## Brief:
Exact copy, no pictures: return all the data below as written.

[Opening Supplied data section]

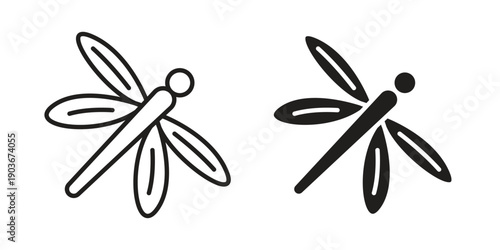 Dragon fly icon vector on trendy design. Outline vector stock illustration.
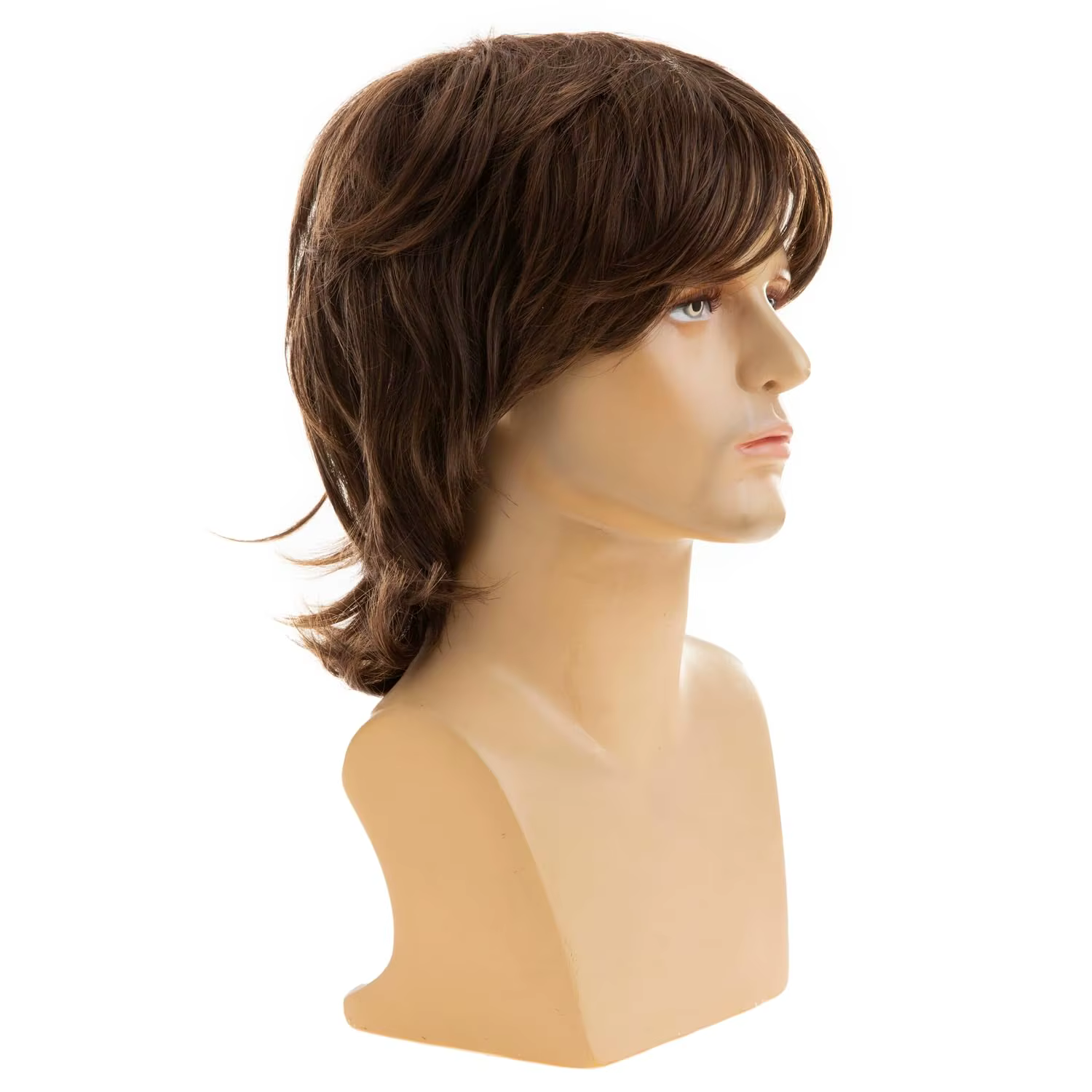 Perruque synthétique marron pour homme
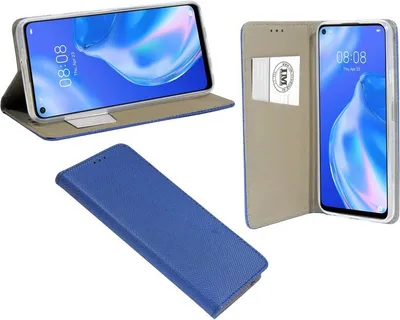 Produktbild von Buch Tasche "Smart" für HUAWEI P40 LITE 5G Handy Hülle Etui Brieftasche Schutzhülle mit Standfunktion, Kartenfach Blau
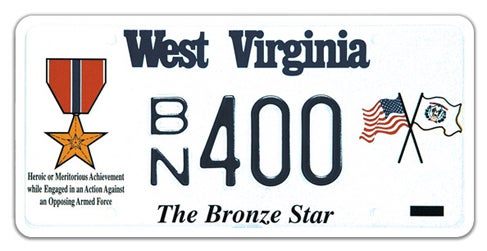 A West Virginia military license plate labeled 'The Bronze Star' along the bottom, featuring a Bronze Star Medal graphic on the left above award achievement text, crossed U.S. and West Virginia flags on the right, and registration number BZN 400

[Closing Supplied data section]

## Answer to this task:
 Dragon fly icon vector on trendy design. Outline vector stock illustration.
 Perruque synthétique marron pour homme
 Produktbild von Buch Tasche "Smart" für HUAWEI P40 LITE 5G Handy Hülle Etui Brieftasche Schutzhülle mit Standfunktion, Kartenfach Blau
 A West Virginia military license plate labeled 'The Bronze Star' along the bottom, featuring a Bronze Star Medal graphic on the left above award achievement text, crossed U.S. and West Virginia flags on the right, and registration number BZN 400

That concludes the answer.